Every bill creates winners and losers. Here's who stands to gain and who bears the cost.

Who Benefits

  • Home‑care agencies and staffing firms — The bill removes ambiguity about agency‑employed aides, preserving exemptions that lower employers’ wage and overtime obligations and simplifying cost forecasting for multi‑household placements.
  • Families and private households that contract for in‑home care — By preserving statutory exemptions, the bill helps keep hourly rates and overall costs lower than they would be if overtime and minimum‑wage obligations expanded to many in‑home aides.
  • State Medicaid programs and private payors — Lower provider labor costs translate into lower program expenditures or the ability to serve more clients within existing budgets, since agencies can continue relying on exempt classifications to contain payroll costs.

Who Bears the Cost

  • Direct‑care workers and home‑care aides — The statutory preservation of these exemptions maintains limited access to minimum‑wage and overtime protections for many aides, reducing potential earnings for staff who work long or split shifts across households.
  • Labor enforcement agencies and courts — The change transfers definitional work from agency rulemaking to statutory interpretation, generating contested litigation and enforcement questions (for example, what constitutes a ‘‘trained medical personnel’’ task).
  • Worker advocates and unions — Organizing and bargaining leverage may weaken where statutory exemptions reduce the legal basis to demand wage and overtime remedies; advocates may need to pursue alternative state‑level protections or collective bargaining terms.

Key Issues

The Core Tension

The central dilemma is access versus protection: the bill prioritizes affordable, flexible home care by preserving exemptions that lower labor costs for agencies and families, but in doing so it keeps many direct‑care workers outside of standard wage and overtime protections—creating a policy trade‑off between keeping care affordable and extending labor protections to a low‑paid workforce.
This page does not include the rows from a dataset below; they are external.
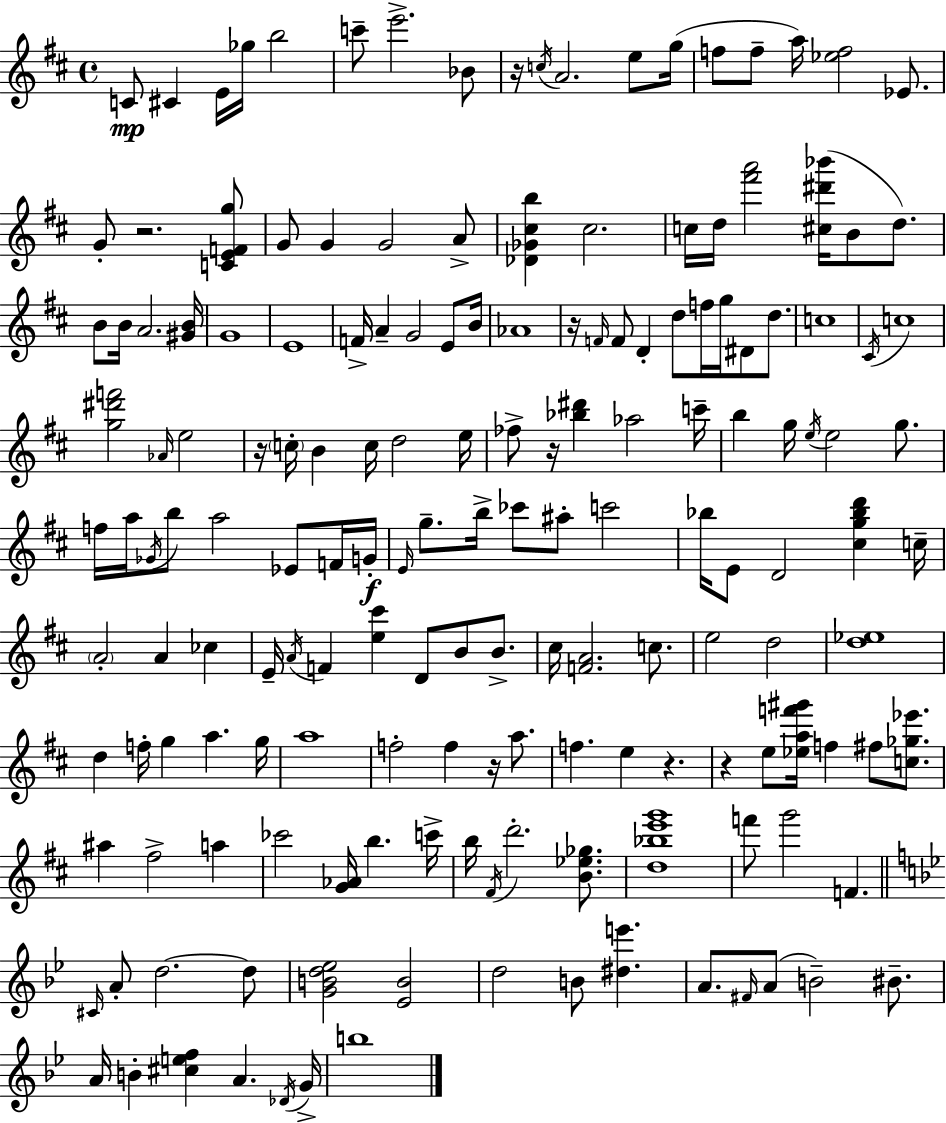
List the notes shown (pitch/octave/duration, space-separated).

C4/e C#4/q E4/s Gb5/s B5/h C6/e E6/h. Bb4/e R/s C5/s A4/h. E5/e G5/s F5/e F5/e A5/s [Eb5,F5]/h Eb4/e. G4/e R/h. [C4,E4,F4,G5]/e G4/e G4/q G4/h A4/e [Db4,Gb4,C#5,B5]/q C#5/h. C5/s D5/s [F#6,A6]/h [C#5,D#6,Bb6]/s B4/e D5/e. B4/e B4/s A4/h. [G#4,B4]/s G4/w E4/w F4/s A4/q G4/h E4/e B4/s Ab4/w R/s F4/s F4/e D4/q D5/e F5/s G5/s D#4/e D5/e. C5/w C#4/s C5/w [G5,D#6,F6]/h Ab4/s E5/h R/s C5/s B4/q C5/s D5/h E5/s FES5/e R/s [Bb5,D#6]/q Ab5/h C6/s B5/q G5/s E5/s E5/h G5/e. F5/s A5/s Gb4/s B5/e A5/h Eb4/e F4/s G4/s E4/s G5/e. B5/s CES6/e A#5/e C6/h Bb5/s E4/e D4/h [C#5,G5,Bb5,D6]/q C5/s A4/h A4/q CES5/q E4/s A4/s F4/q [E5,C#6]/q D4/e B4/e B4/e. C#5/s [F4,A4]/h. C5/e. E5/h D5/h [D5,Eb5]/w D5/q F5/s G5/q A5/q. G5/s A5/w F5/h F5/q R/s A5/e. F5/q. E5/q R/q. R/q E5/e [Eb5,A5,F6,G#6]/s F5/q F#5/e [C5,Gb5,Eb6]/e. A#5/q F#5/h A5/q CES6/h [G4,Ab4]/s B5/q. C6/s B5/s F#4/s D6/h. [B4,Eb5,Gb5]/e. [D5,Bb5,E6,G6]/w F6/e G6/h F4/q. C#4/s A4/e D5/h. D5/e [G4,B4,D5,Eb5]/h [Eb4,B4]/h D5/h B4/e [D#5,E6]/q. A4/e. F#4/s A4/e B4/h BIS4/e. A4/s B4/q [C#5,E5,F5]/q A4/q. Db4/s G4/s B5/w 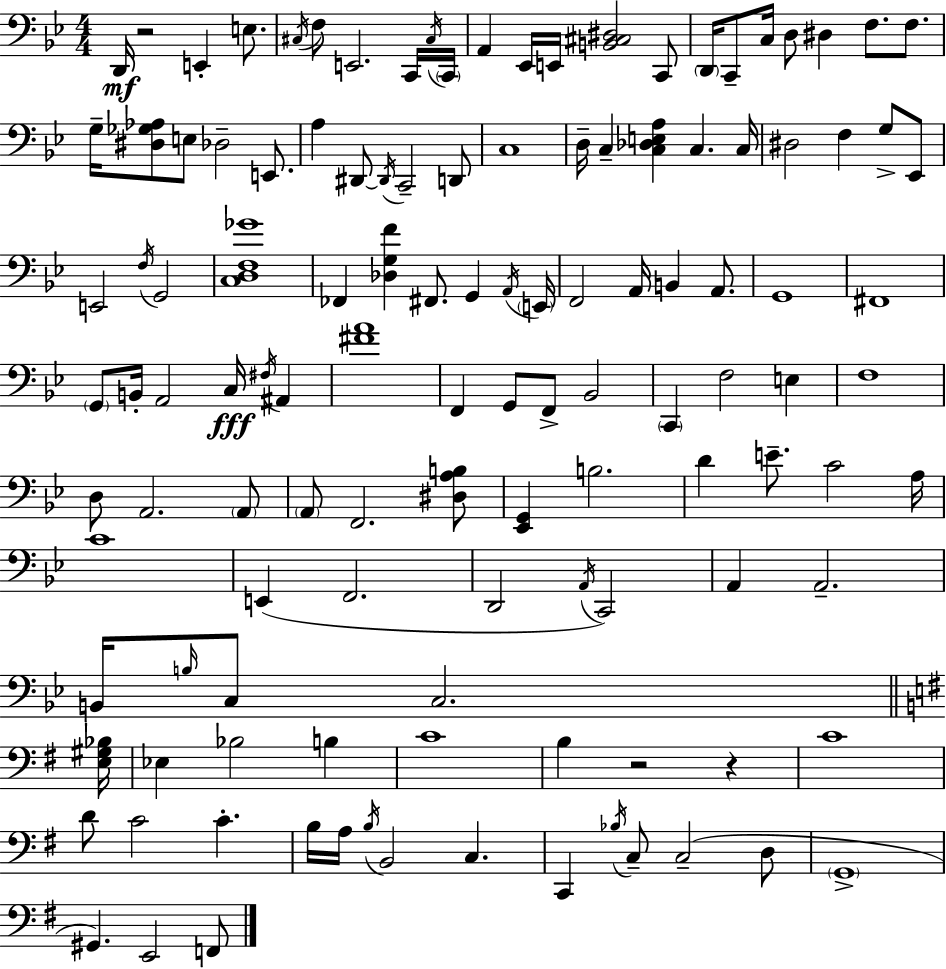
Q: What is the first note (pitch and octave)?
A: D2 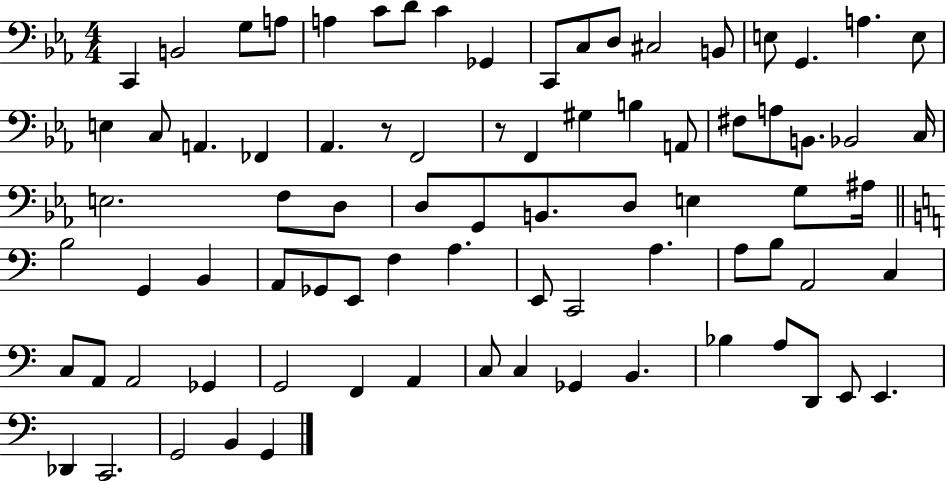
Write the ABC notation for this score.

X:1
T:Untitled
M:4/4
L:1/4
K:Eb
C,, B,,2 G,/2 A,/2 A, C/2 D/2 C _G,, C,,/2 C,/2 D,/2 ^C,2 B,,/2 E,/2 G,, A, E,/2 E, C,/2 A,, _F,, _A,, z/2 F,,2 z/2 F,, ^G, B, A,,/2 ^F,/2 A,/2 B,,/2 _B,,2 C,/4 E,2 F,/2 D,/2 D,/2 G,,/2 B,,/2 D,/2 E, G,/2 ^A,/4 B,2 G,, B,, A,,/2 _G,,/2 E,,/2 F, A, E,,/2 C,,2 A, A,/2 B,/2 A,,2 C, C,/2 A,,/2 A,,2 _G,, G,,2 F,, A,, C,/2 C, _G,, B,, _B, A,/2 D,,/2 E,,/2 E,, _D,, C,,2 G,,2 B,, G,, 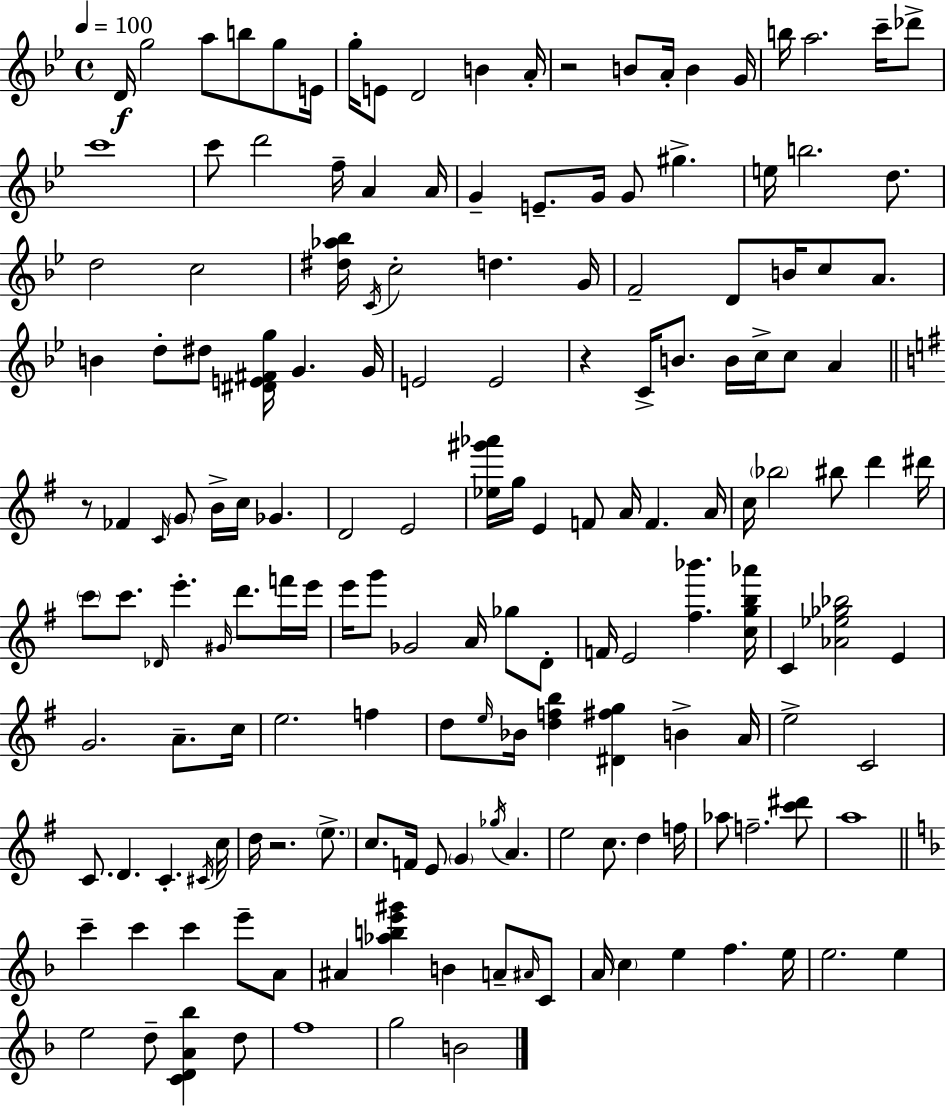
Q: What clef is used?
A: treble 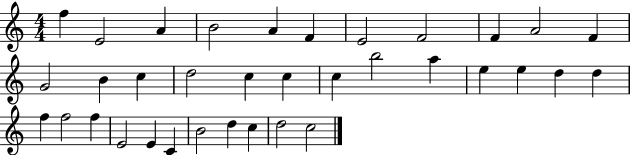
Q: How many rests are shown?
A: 0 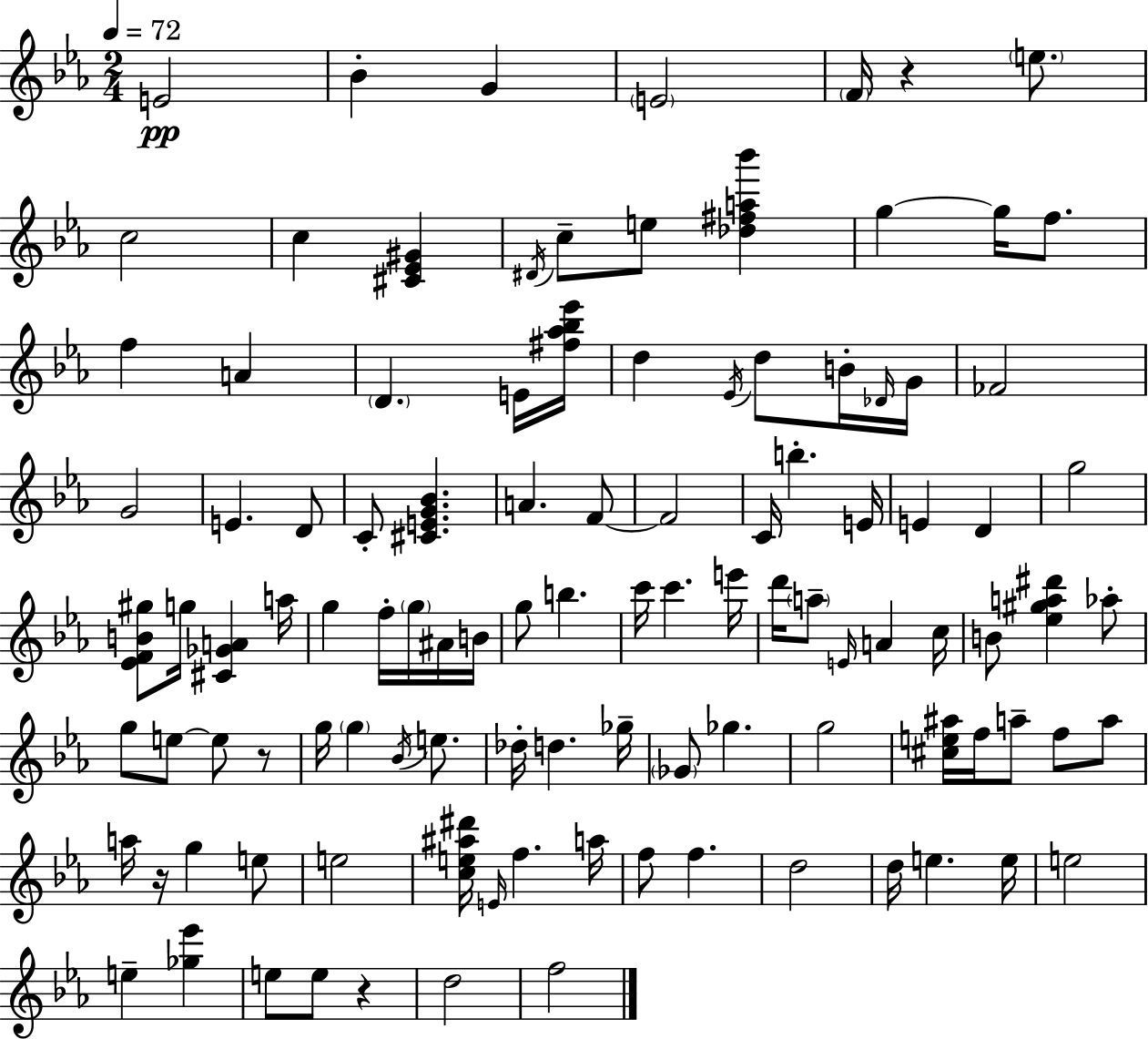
E4/h Bb4/q G4/q E4/h F4/s R/q E5/e. C5/h C5/q [C#4,Eb4,G#4]/q D#4/s C5/e E5/e [Db5,F#5,A5,Bb6]/q G5/q G5/s F5/e. F5/q A4/q D4/q. E4/s [F#5,Ab5,Bb5,Eb6]/s D5/q Eb4/s D5/e B4/s Db4/s G4/s FES4/h G4/h E4/q. D4/e C4/e [C#4,E4,G4,Bb4]/q. A4/q. F4/e F4/h C4/s B5/q. E4/s E4/q D4/q G5/h [Eb4,F4,B4,G#5]/e G5/s [C#4,Gb4,A4]/q A5/s G5/q F5/s G5/s A#4/s B4/s G5/e B5/q. C6/s C6/q. E6/s D6/s A5/e E4/s A4/q C5/s B4/e [Eb5,G#5,A5,D#6]/q Ab5/e G5/e E5/e E5/e R/e G5/s G5/q Bb4/s E5/e. Db5/s D5/q. Gb5/s Gb4/e Gb5/q. G5/h [C#5,E5,A#5]/s F5/s A5/e F5/e A5/e A5/s R/s G5/q E5/e E5/h [C5,E5,A#5,D#6]/s E4/s F5/q. A5/s F5/e F5/q. D5/h D5/s E5/q. E5/s E5/h E5/q [Gb5,Eb6]/q E5/e E5/e R/q D5/h F5/h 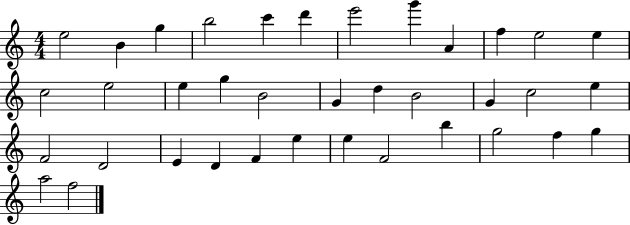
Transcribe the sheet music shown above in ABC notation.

X:1
T:Untitled
M:4/4
L:1/4
K:C
e2 B g b2 c' d' e'2 g' A f e2 e c2 e2 e g B2 G d B2 G c2 e F2 D2 E D F e e F2 b g2 f g a2 f2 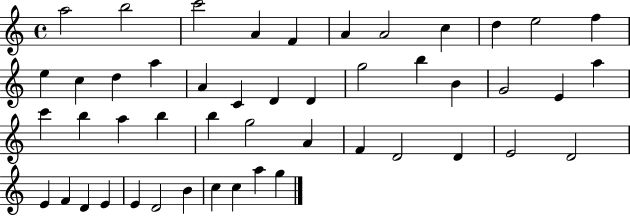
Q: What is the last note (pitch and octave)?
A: G5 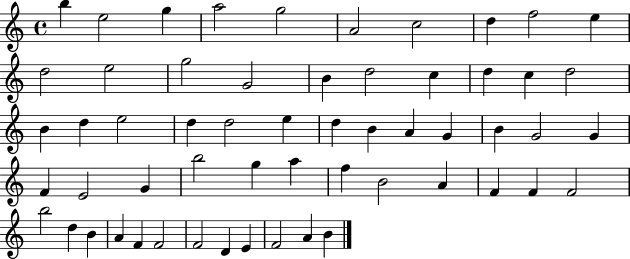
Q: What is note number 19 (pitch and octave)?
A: C5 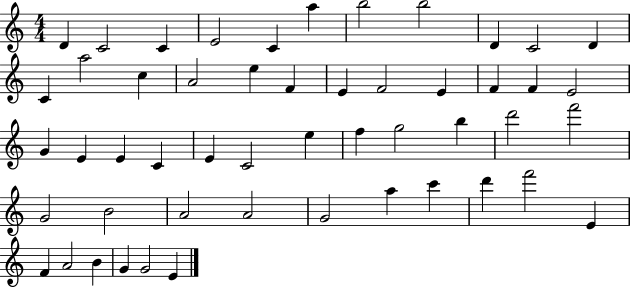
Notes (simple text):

D4/q C4/h C4/q E4/h C4/q A5/q B5/h B5/h D4/q C4/h D4/q C4/q A5/h C5/q A4/h E5/q F4/q E4/q F4/h E4/q F4/q F4/q E4/h G4/q E4/q E4/q C4/q E4/q C4/h E5/q F5/q G5/h B5/q D6/h F6/h G4/h B4/h A4/h A4/h G4/h A5/q C6/q D6/q F6/h E4/q F4/q A4/h B4/q G4/q G4/h E4/q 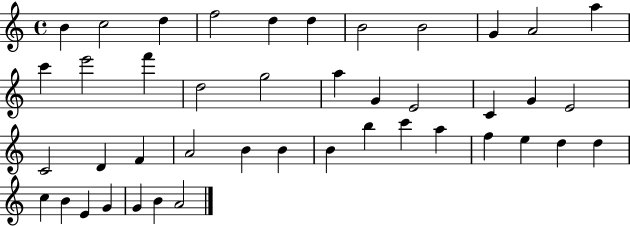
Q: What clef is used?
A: treble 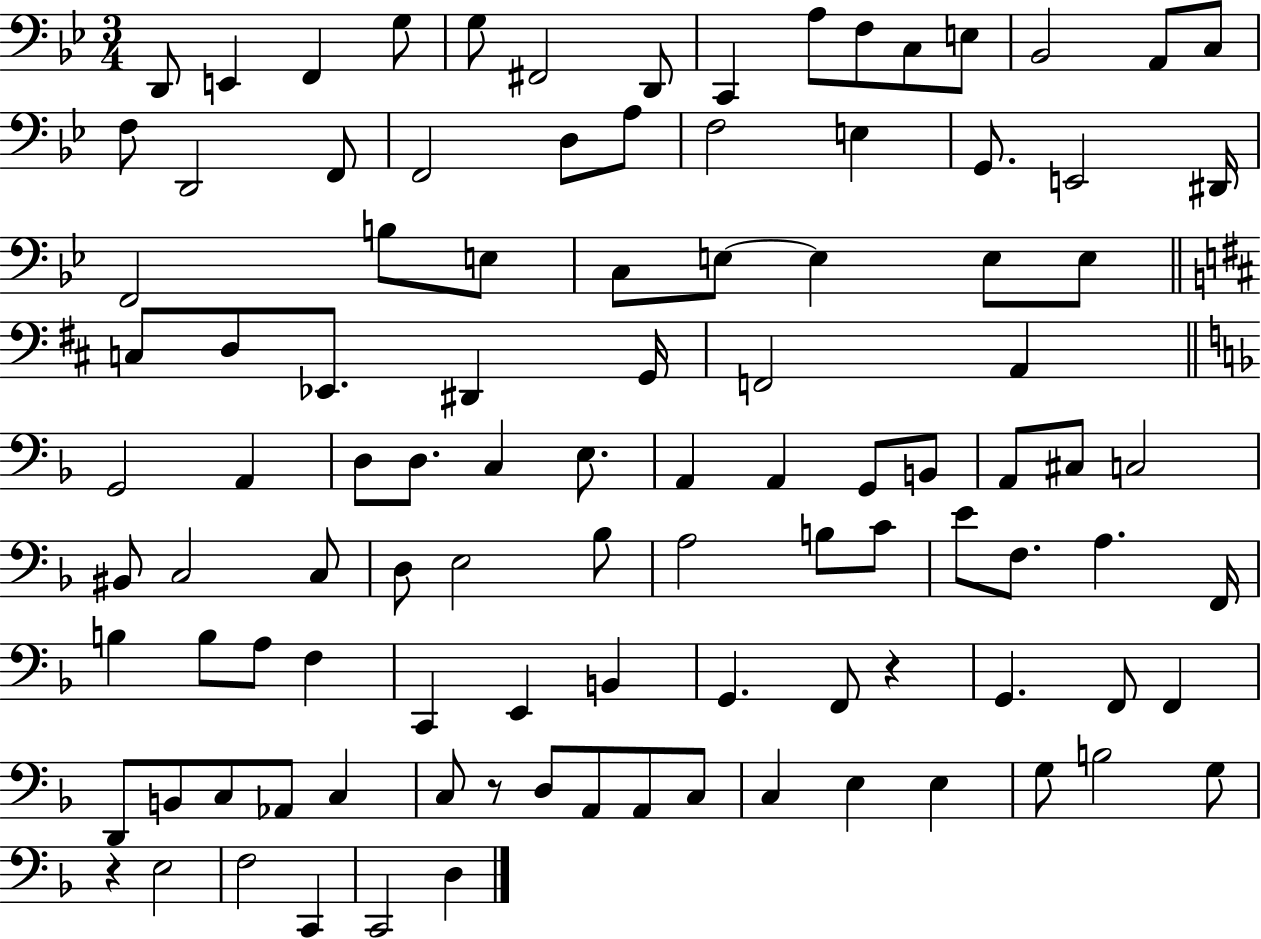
D2/e E2/q F2/q G3/e G3/e F#2/h D2/e C2/q A3/e F3/e C3/e E3/e Bb2/h A2/e C3/e F3/e D2/h F2/e F2/h D3/e A3/e F3/h E3/q G2/e. E2/h D#2/s F2/h B3/e E3/e C3/e E3/e E3/q E3/e E3/e C3/e D3/e Eb2/e. D#2/q G2/s F2/h A2/q G2/h A2/q D3/e D3/e. C3/q E3/e. A2/q A2/q G2/e B2/e A2/e C#3/e C3/h BIS2/e C3/h C3/e D3/e E3/h Bb3/e A3/h B3/e C4/e E4/e F3/e. A3/q. F2/s B3/q B3/e A3/e F3/q C2/q E2/q B2/q G2/q. F2/e R/q G2/q. F2/e F2/q D2/e B2/e C3/e Ab2/e C3/q C3/e R/e D3/e A2/e A2/e C3/e C3/q E3/q E3/q G3/e B3/h G3/e R/q E3/h F3/h C2/q C2/h D3/q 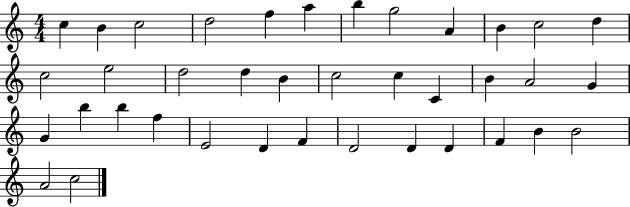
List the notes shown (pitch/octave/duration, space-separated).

C5/q B4/q C5/h D5/h F5/q A5/q B5/q G5/h A4/q B4/q C5/h D5/q C5/h E5/h D5/h D5/q B4/q C5/h C5/q C4/q B4/q A4/h G4/q G4/q B5/q B5/q F5/q E4/h D4/q F4/q D4/h D4/q D4/q F4/q B4/q B4/h A4/h C5/h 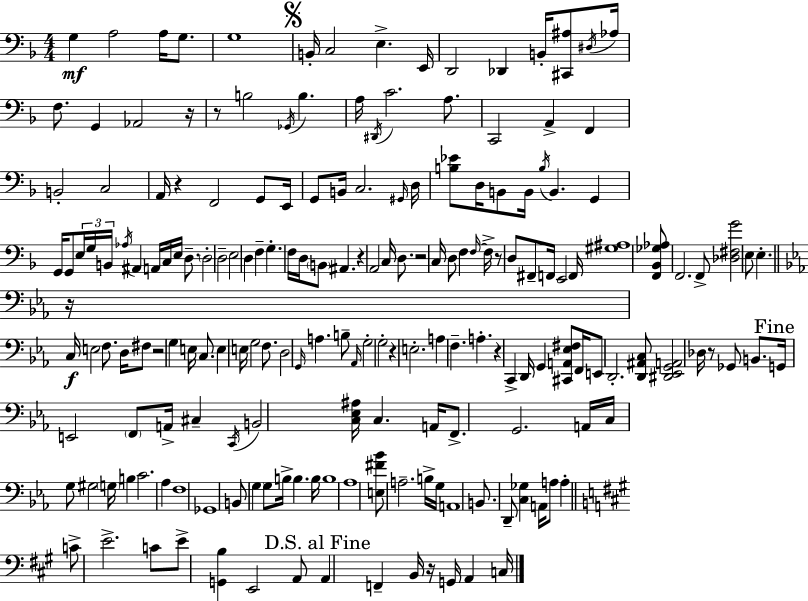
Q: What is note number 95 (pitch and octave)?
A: D3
The bill resolves one source of regulatory uncertainty—whether agency‑employed aides fall under the exemptions—by embedding definitions in statute, but that resolution creates fresh ambiguity elsewhere. The phrase ‘‘require and are performed by trained medical personnel’’ will be a focal point: the bill excludes those services from the companionship exemption but elsewhere lists certified nursing assistants and home health aides as domestic workers.

Reconciling those provisions will require interpretation—are CNAs performing routine ADL assistance covered as domestic workers, or are certain CNA tasks sufficiently medical to be excluded? That line will matter for millions of hours of care and for who must receive overtime and minimum wage.

Enforcement is another practical tension. The 20% cap on general household work is straightforward on paper but hard to monitor when aides work for agencies and split time across households.

Agencies and households may structure schedules to avoid crossing the cap or to obscure the allocation of tasks. Finally, by removing the statutory delegation to Department of Labor regulations, the bill limits the agency’s ability to respond quickly to changing care models; disputes that could previously be addressed through rulemaking and guidance may now funnel into litigation and statutory interpretation, increasing uncertainty for employers and workers alike.